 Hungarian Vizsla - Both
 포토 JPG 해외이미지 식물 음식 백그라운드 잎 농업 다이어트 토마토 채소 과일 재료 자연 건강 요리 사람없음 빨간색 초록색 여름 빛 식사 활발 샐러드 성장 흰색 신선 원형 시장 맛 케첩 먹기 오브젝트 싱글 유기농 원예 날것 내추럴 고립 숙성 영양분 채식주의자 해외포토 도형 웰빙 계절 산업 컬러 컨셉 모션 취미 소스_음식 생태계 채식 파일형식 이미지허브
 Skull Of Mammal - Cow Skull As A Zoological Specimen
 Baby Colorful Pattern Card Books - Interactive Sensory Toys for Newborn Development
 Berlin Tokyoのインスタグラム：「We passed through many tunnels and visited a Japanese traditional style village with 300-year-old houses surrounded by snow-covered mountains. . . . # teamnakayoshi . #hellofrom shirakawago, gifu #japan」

==

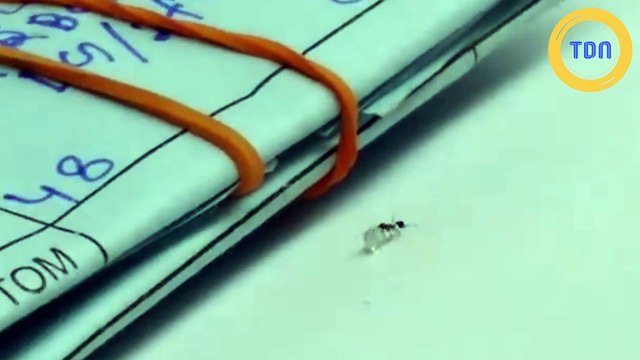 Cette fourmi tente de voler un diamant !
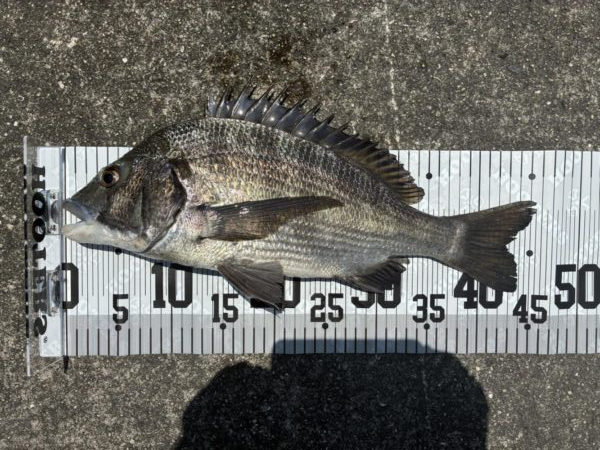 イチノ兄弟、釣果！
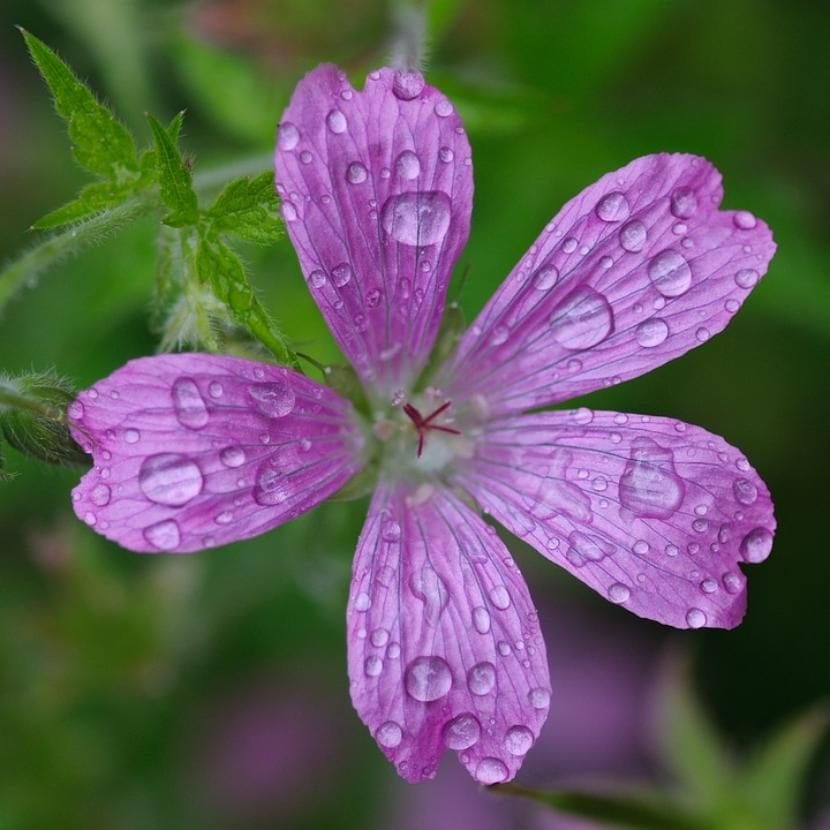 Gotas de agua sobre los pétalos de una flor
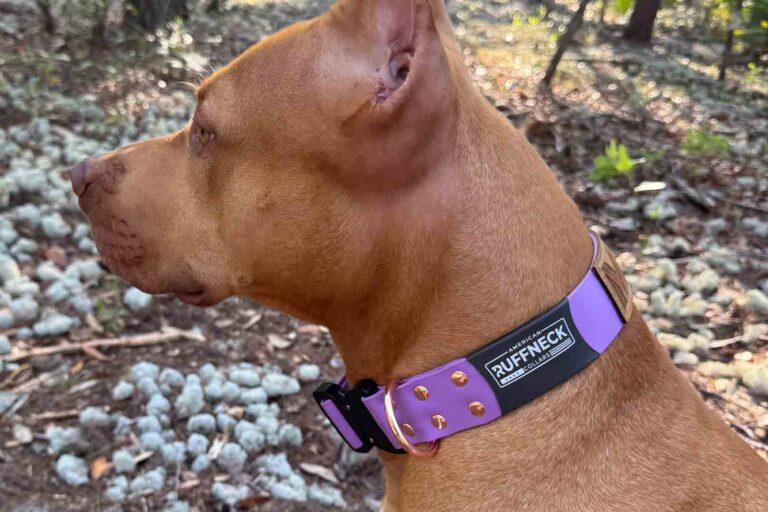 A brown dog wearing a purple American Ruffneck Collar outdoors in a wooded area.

--

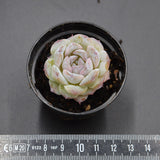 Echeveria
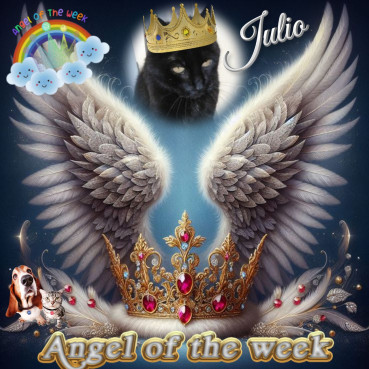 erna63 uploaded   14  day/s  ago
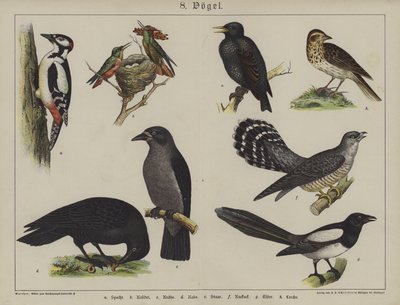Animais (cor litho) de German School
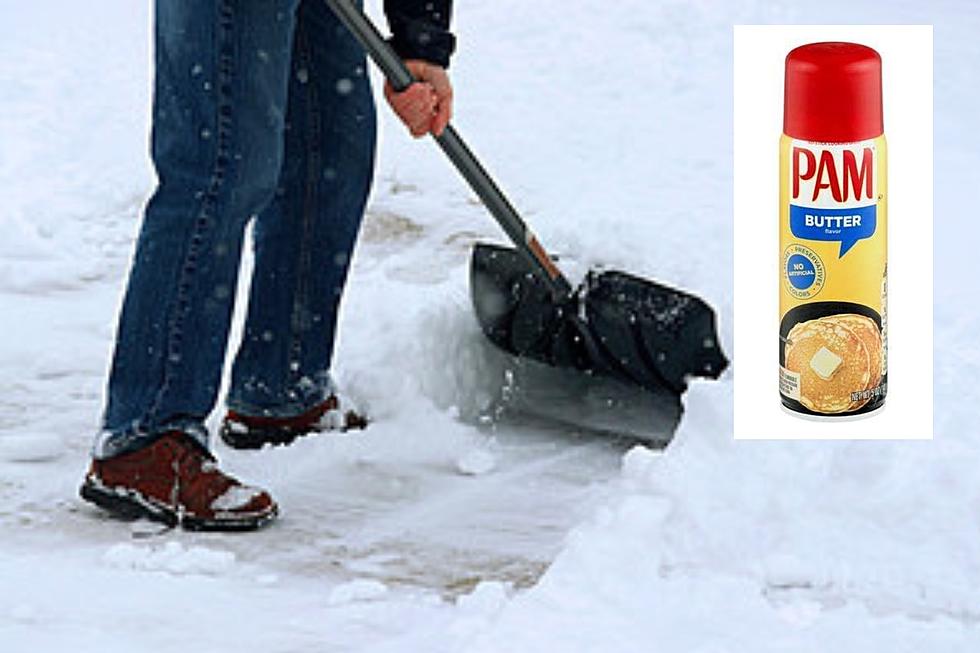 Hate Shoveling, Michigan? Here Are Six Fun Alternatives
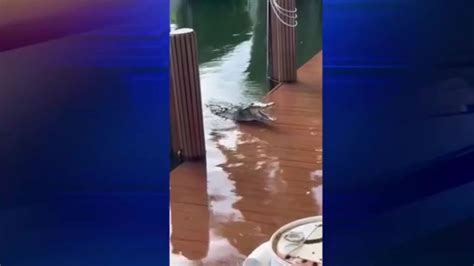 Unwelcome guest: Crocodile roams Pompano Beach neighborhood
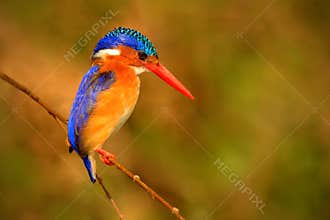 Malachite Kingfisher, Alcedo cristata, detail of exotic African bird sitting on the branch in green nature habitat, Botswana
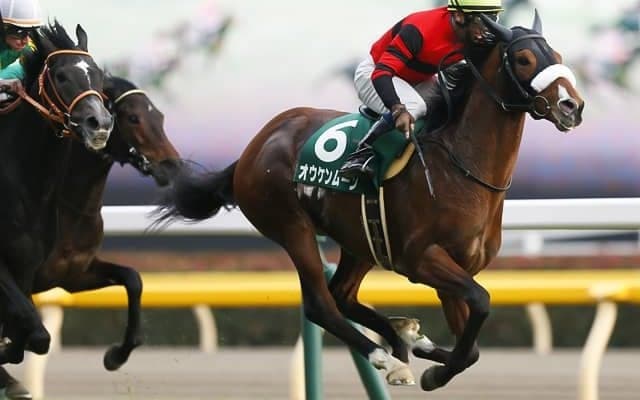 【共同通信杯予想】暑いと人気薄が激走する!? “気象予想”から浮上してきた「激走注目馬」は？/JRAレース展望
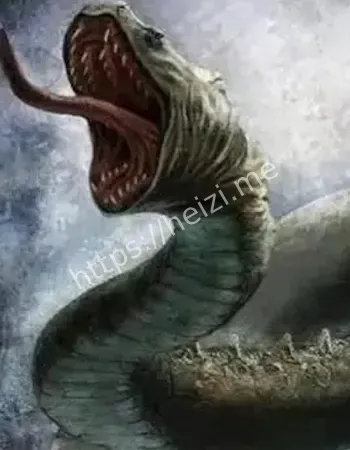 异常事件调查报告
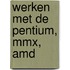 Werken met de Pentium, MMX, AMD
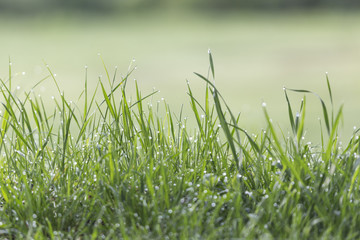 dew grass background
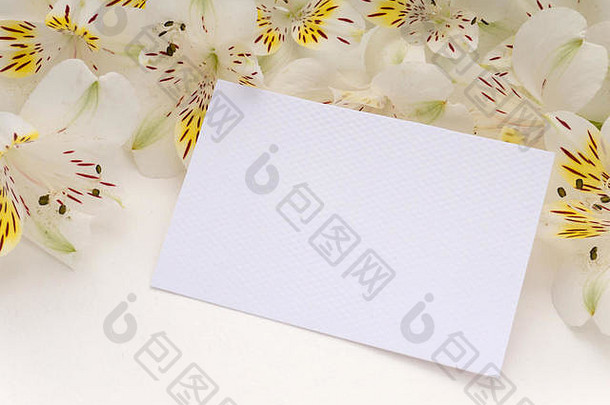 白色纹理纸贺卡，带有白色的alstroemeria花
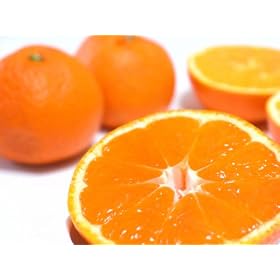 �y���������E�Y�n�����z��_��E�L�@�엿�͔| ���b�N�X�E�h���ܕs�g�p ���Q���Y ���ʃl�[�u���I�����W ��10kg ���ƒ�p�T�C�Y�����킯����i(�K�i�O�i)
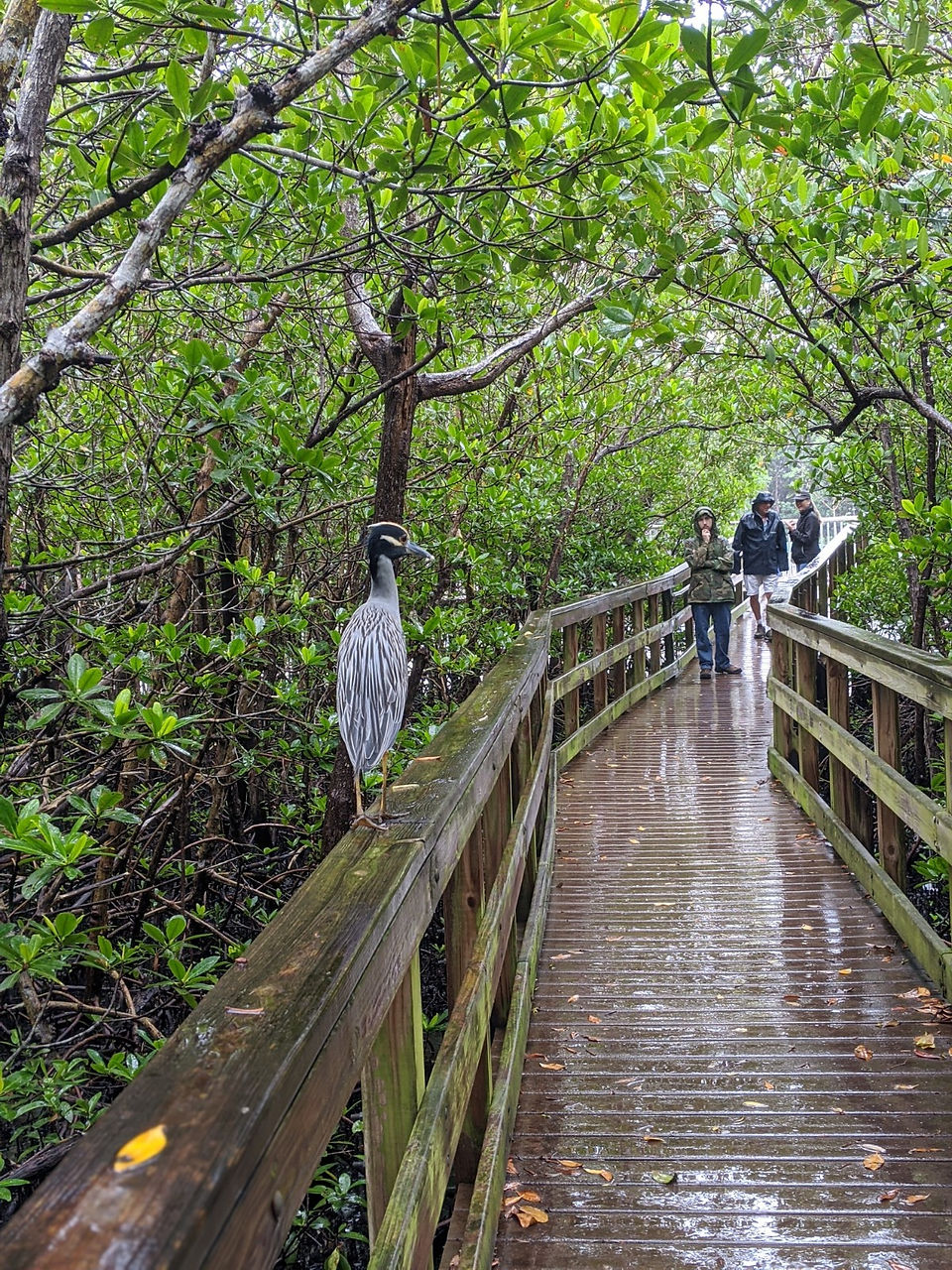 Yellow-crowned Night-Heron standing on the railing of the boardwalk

_Aim of the task:_ The lines to reproduce run from the one above containing "dew grass background" through the one containing "Yellow-crowned Night-Heron standing". Copy them exactly and leave out all pictures.

_Worked solution:_
 dew grass background
 白色纹理纸贺卡，带有白色的alstroemeria花
 �y���������E�Y�n�����z��_��E�L�@�엿�͔| ���b�N�X�E�h���ܕs�g�p ���Q���Y ���ʃl�[�u���I�����W ��10kg ���ƒ�p�T�C�Y�����킯����i(�K�i�O�i)
 Yellow-crowned Night-Heron standing on the railing of the boardwalk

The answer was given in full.